Фауст как имя нарицательное

We use cookies. Read the Privacy and Cookie Policy

Фауст как имя нарицательное

История Фауста не нова. Впервые появляется она в Средние века, затем занимает театральные подмостки уже Елизаветинской эпохи, став основой, к примеру, пьесы «Трагическая история доктора Фауста» Кристофера Марло. Бродячие театры, колесившие по всей Европе с назидательными кукольными представлениями, тоже инсценируют эту историю, всякий раз со все тем же зловещим предостережением, что любая сделка с дьяволом так или иначе неминуемо влечет за собой проклятие. В пьесе Марло финальная декламация хора звучит следующим образом:

Пал в бездну ада сей ученый муж!

На гибель Фауста взирайте все!

Его судьба да отвратит разумных

От области познанья заповедной,

Чья глубина отважные умы

Введет в соблазн – творить деянья тьмы[97].

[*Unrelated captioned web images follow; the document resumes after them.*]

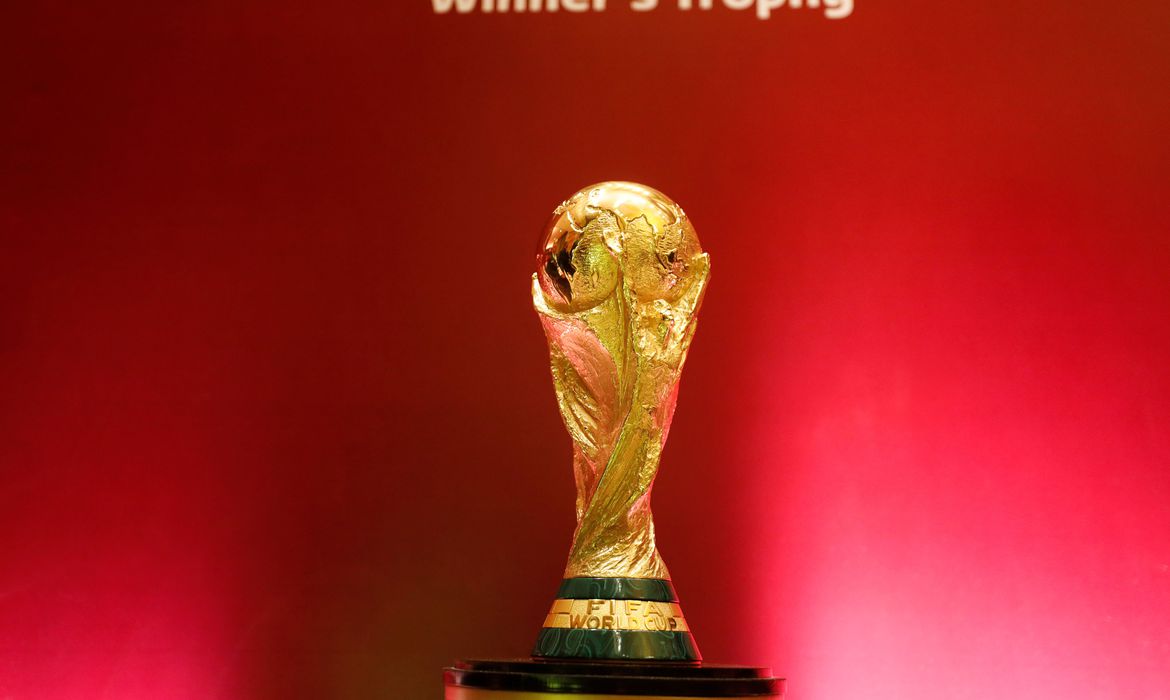 Fifa realizará estudo sobre viabilidade de Copa do Mundo a cada 2 anos Fifa realizará estudo sobre viabilidade de Copa do Mundo a cada 2 anos
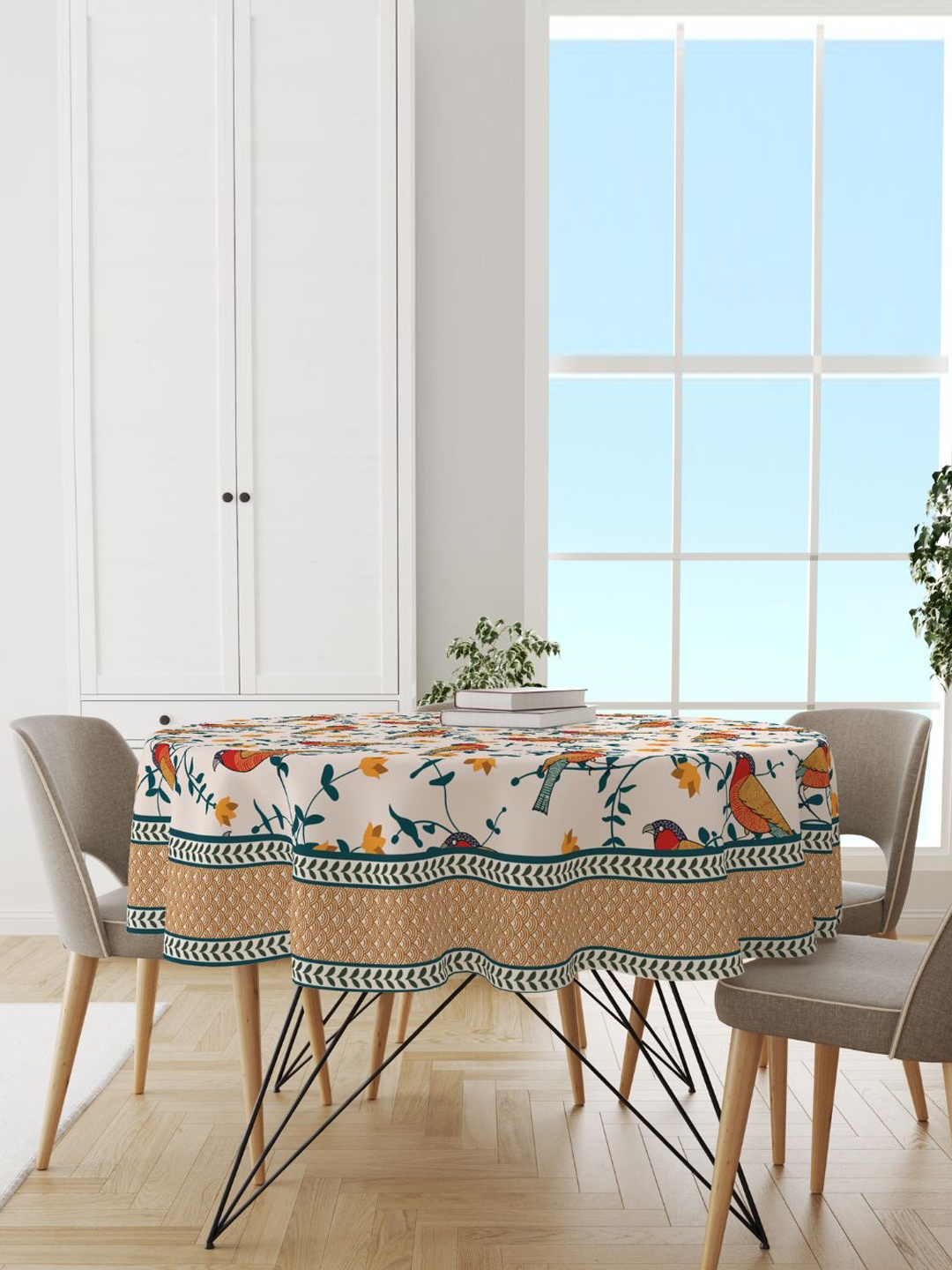 Astitva Cream Coloured & Green Birds Printed Pure Cotton Round Shaped 4 Seater Table Cover
Astitva Cream Coloured & Green Birds Printed Pure Cotton Round Shaped 4 Seater Table Cover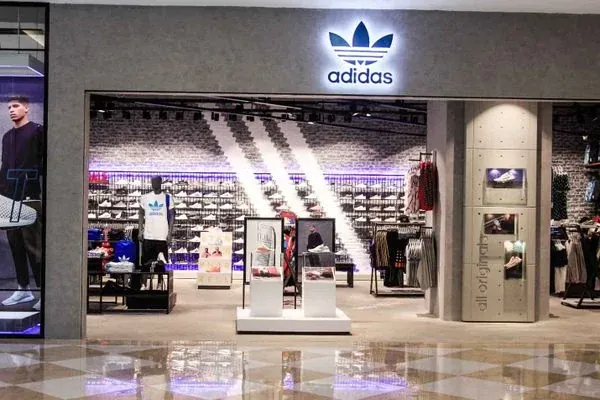 Cửa Hàng Giày Adidas Chính Hãng Tại TP.HCM: Địa Chỉ & Lưu Ý Chọn Mua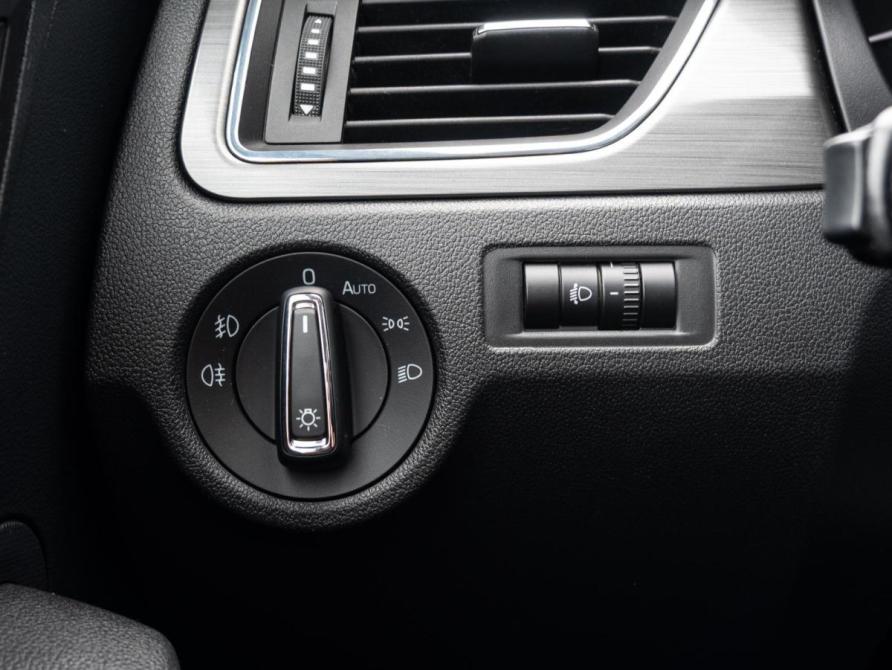 Skoda Rapid I Рестайлинг Краснодар  - изображение 21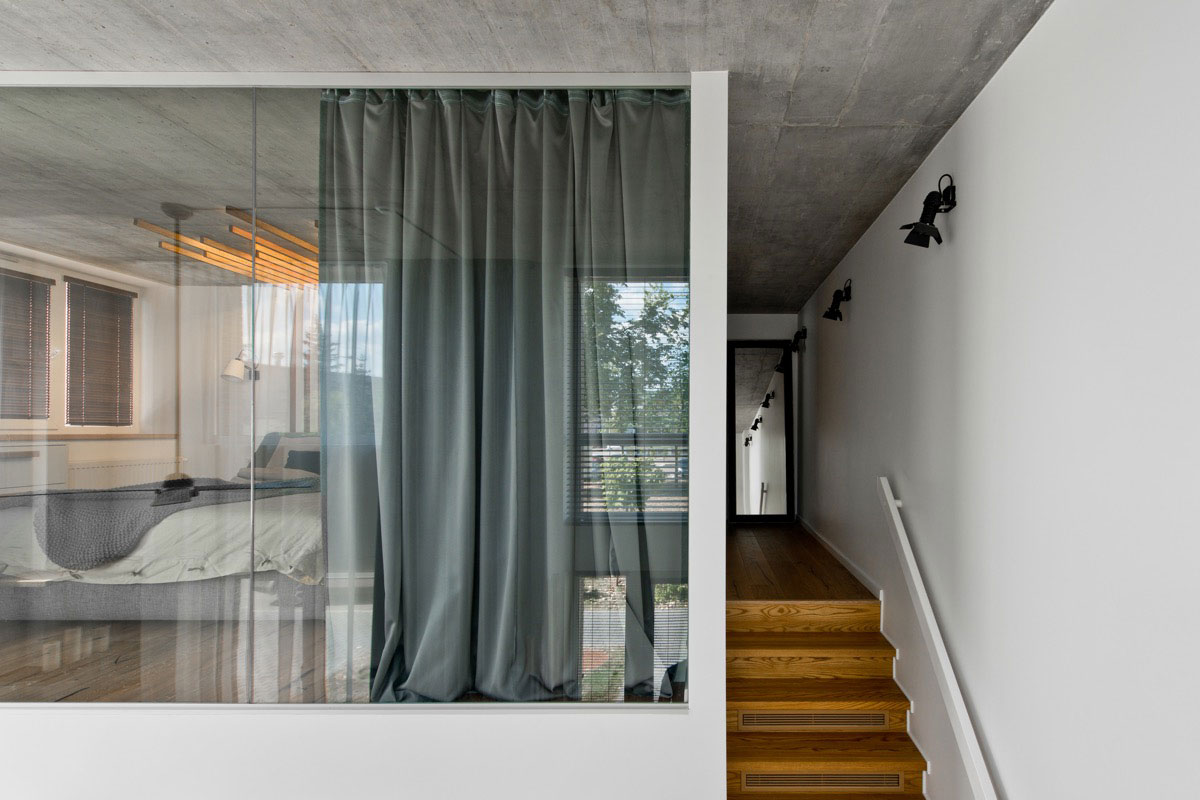 A Cozy and Elegant Scandinavian-Inspired Apartment in Vilnius, Lithuania by InArch (25)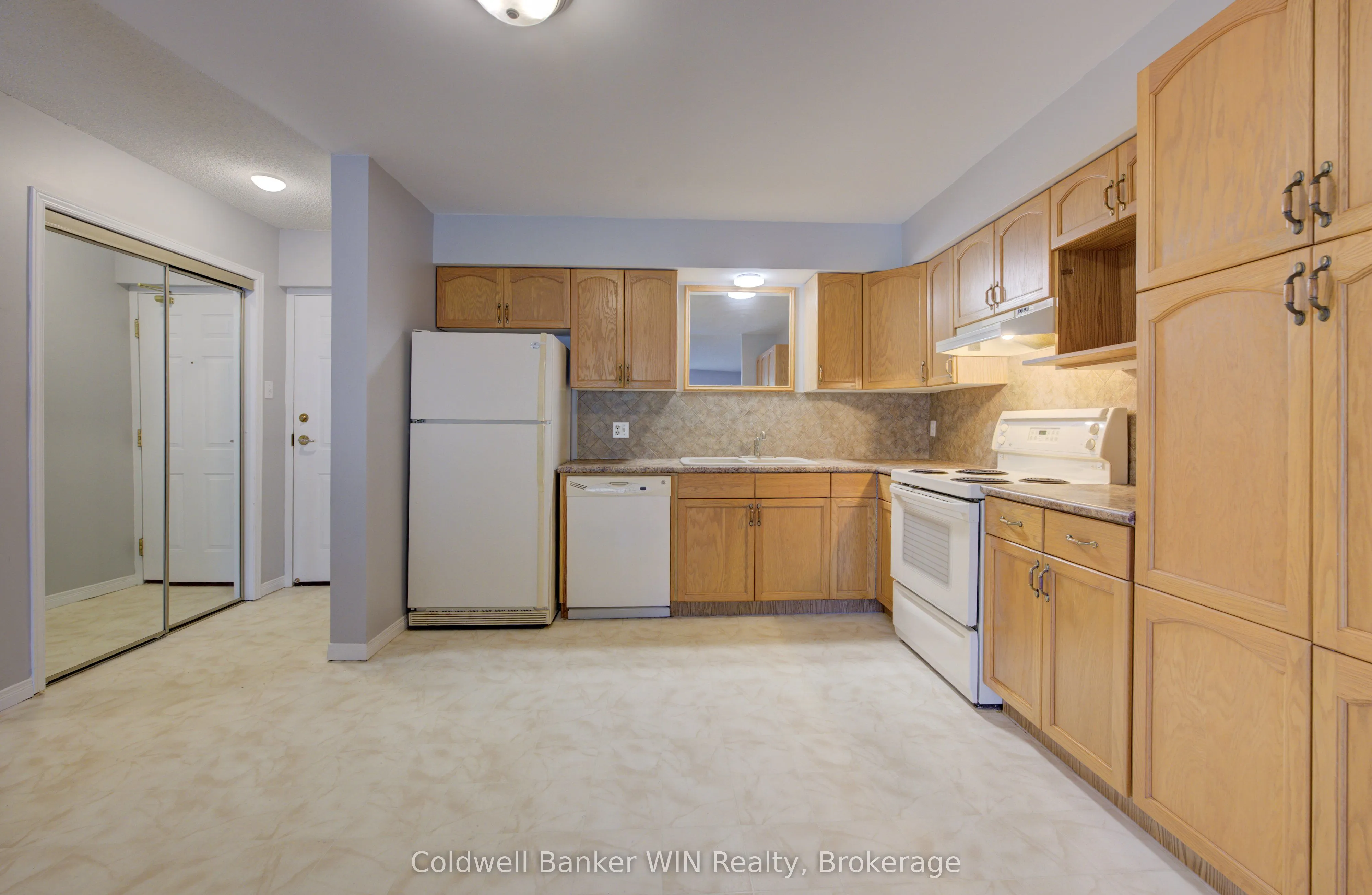 440 DURHAM Street W, #302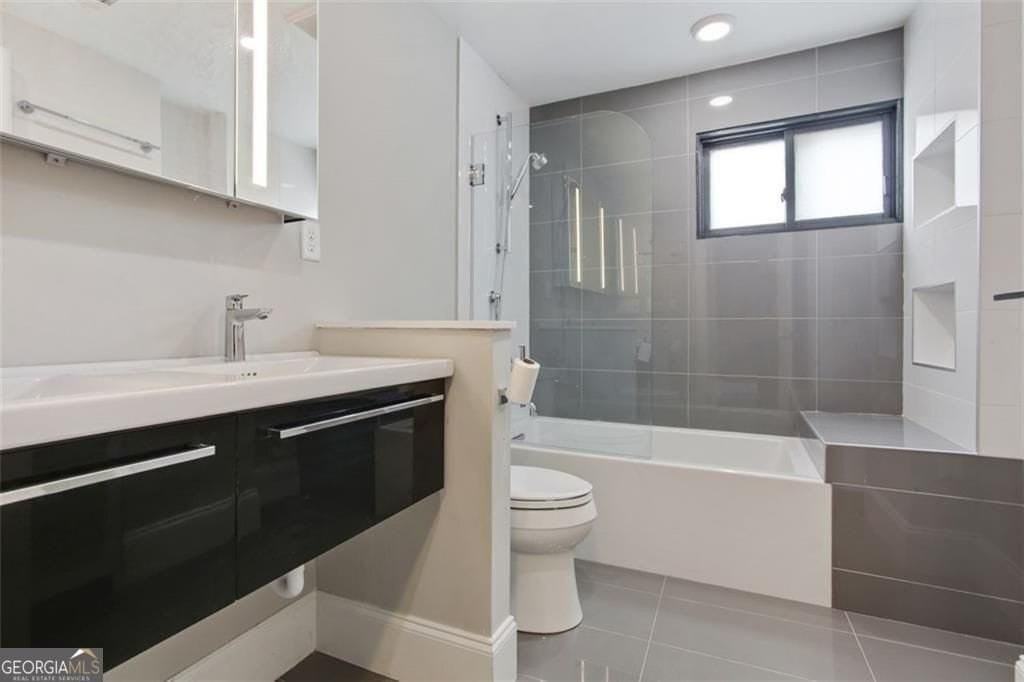 693 Myrtle St Ne - Photo 7 of 13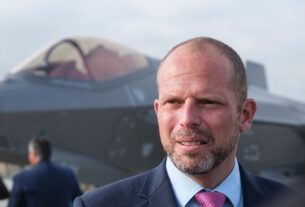 Новини світу - Глава Міноборони Бельгії пригрозив "зрівняти Москву з землею"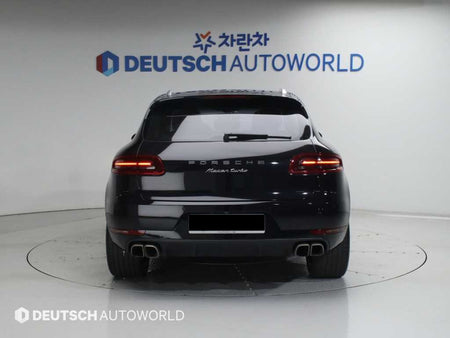 Porsche Macan — photo 04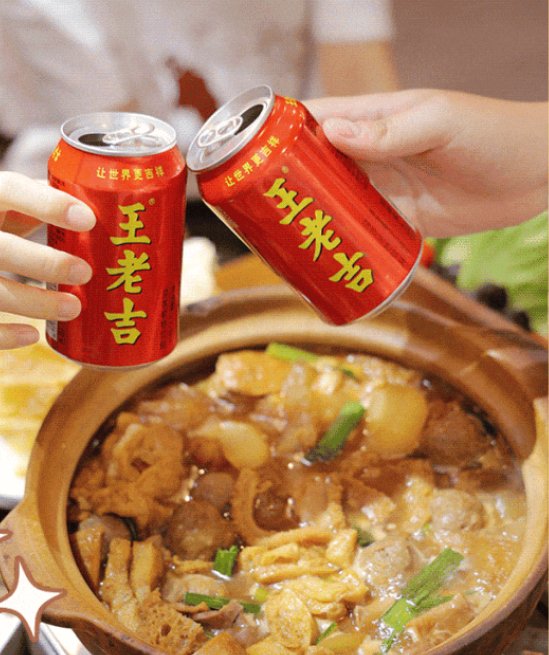 冬日围炉新风尚，广式牛杂煲搭配王老吉成暖胃新宠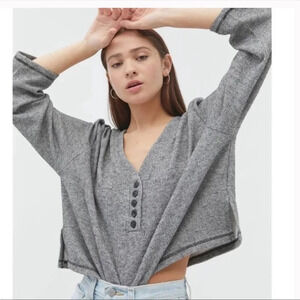 Urban Outfitters Clearwater Ribbed Boxy Cropped Grey Henley Top Size Small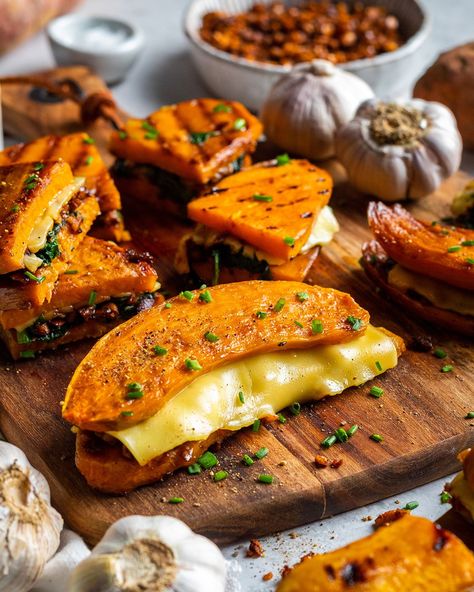 This Sweet Potato Grilled Cheese Is A Game Changer - And It's Vegan Potato Grilled Cheese, Sweet Potato Sandwich, Vegan Grilled Cheese, Sweet Potato Benefits, Potato Sandwich, Grilled Cheese Recipe, Sweet Potato Slices, Vegan Grilling, Sweet Potato Spinach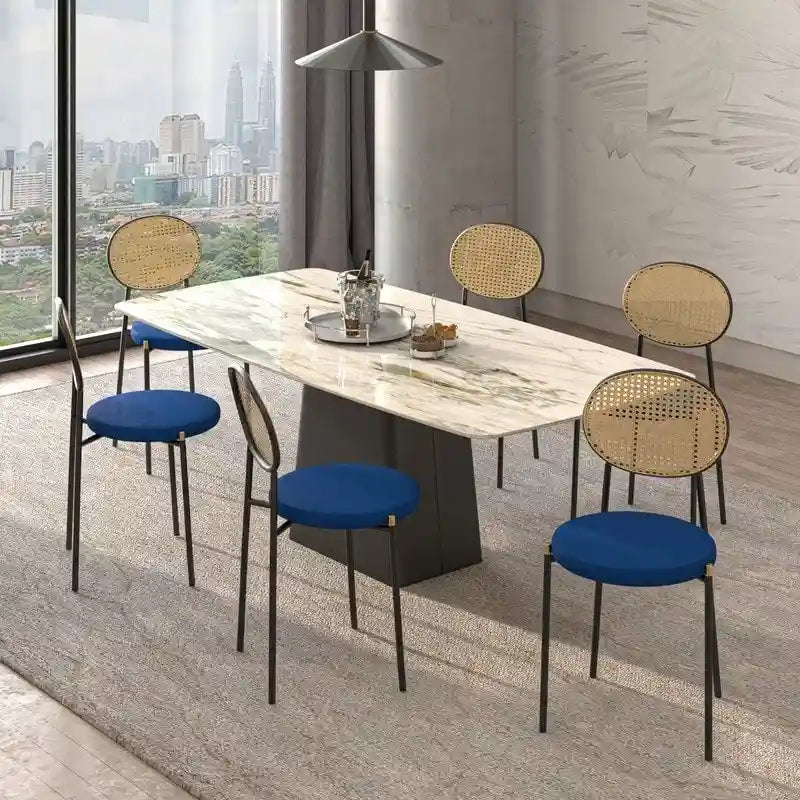 Chaise de salle à manger moderne avec assise en velours et dossier en osier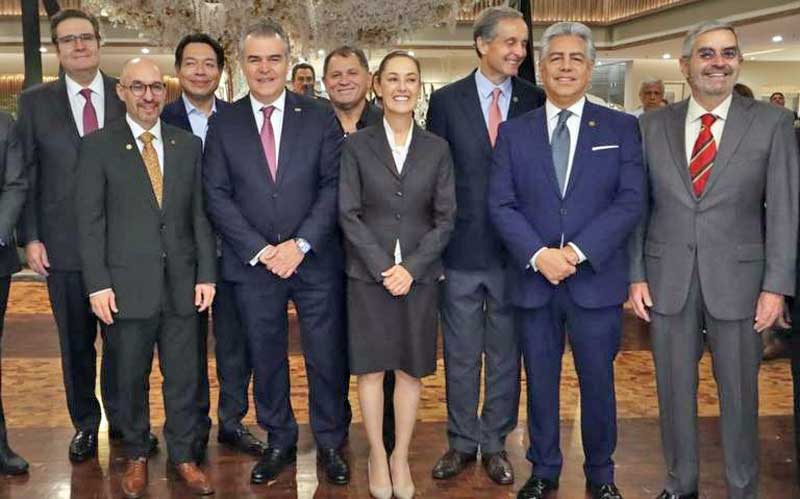 Empresarios piden mayor certeza jurídica a Claudia Sheinbaum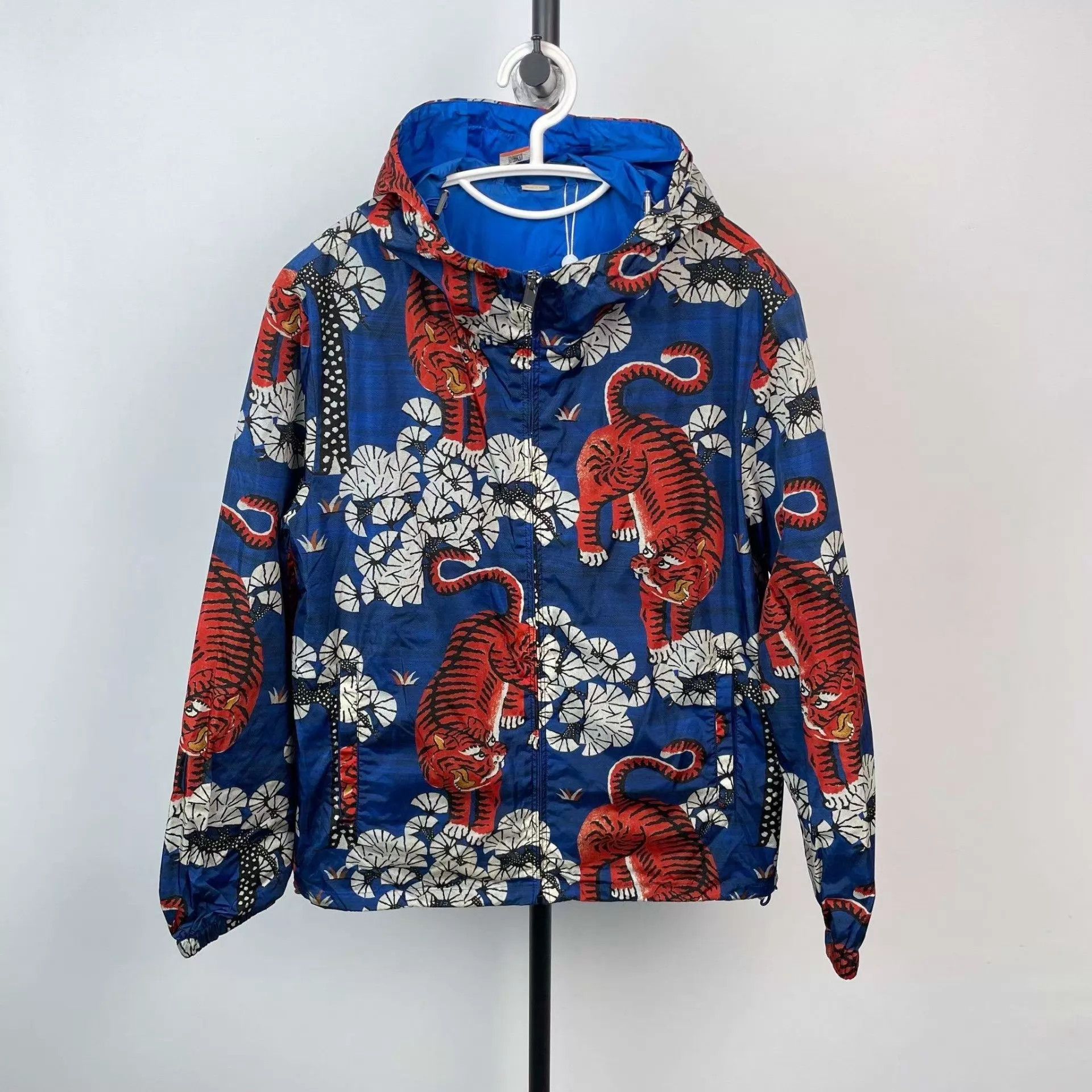 Gucci Gucci Tiger Print Blue Jacket Size 48 Size US M / EU 48-50 / 2 - 1 Thumbnail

Иоганн Вольфганг фон Гёте воспользовался этой нравоучительной притчей, но придумал ей, однако, другой конец. Хотя Гёте по-прежнему делает местом действия Средневековье, он представляет Фауста ученым, переживающим, так сказать, кризис среднего возраста. Фауст – и в этом он подозрительно похож на многих из нас – достиг всех своих целей, но ощущает внутреннюю пустоту. Нет горизонта, не к чему больше стремиться. Он страдает классической депрессией среднего возраста, которая случается, когда наши проекции то ли не срабатывают, то ли уже осуществились, и мы остаемся наедине сами с собой. Но хотя Фауст, переживающий глубокий внутренний конфликт, столь же близок нам, как и Гамлет, он тем не менее несет в себе тот героический импульс, который, возможно, лучше всего выразил Теннисон в своем «Улиссе»: «Бороться и искать, найти и не сдаваться». Фауст наделен неуемным желанием все познать, выйти за пределы пространства, оставшегося после ушедших богов, чтобы прочно там обосноваться. Хотя гетевская переработка средневековой притчи представляет нам Бога и Дьявола в их привычных образах, невозможно не почувствовать их старомодную несообразность желанию Фауста жить своими представлениями и правилами. Если Данте провозглашал спасение надеждой, то самореализация – это тайная надежда Фауста. И в этом снова он наш «современник», нацеленный более на самореализацию в этой жизни, чем на мечтания о другом, небесном царстве[98].

Вторгаясь в эту пеструю смесь уныния и желания, перед Фаустом предстает Мефистофель. Он уже далеко не тот знакомый типаж в красном трико, с хвостом и рогами. Теперь он странствующий школяр. (Если Дьявол, так сказать, объявится когда-нибудь и перед нами, он тоже облачится во что-то такое, что не будет смущать нас – нечто знакомое, успокаивающее, усыпляющее, политкорректное, обращенное ко всему, во что верится охотнее всего.) Представляясь, Мефистофель довольно уклончиво сообщает Фаусту, что:

Часть вечной силы я,

Всегда желавший зла, творившей лишь благое[99].

Более того, он:

…лишь части часть, которая была

В начале все той тьмы, что свет произвела.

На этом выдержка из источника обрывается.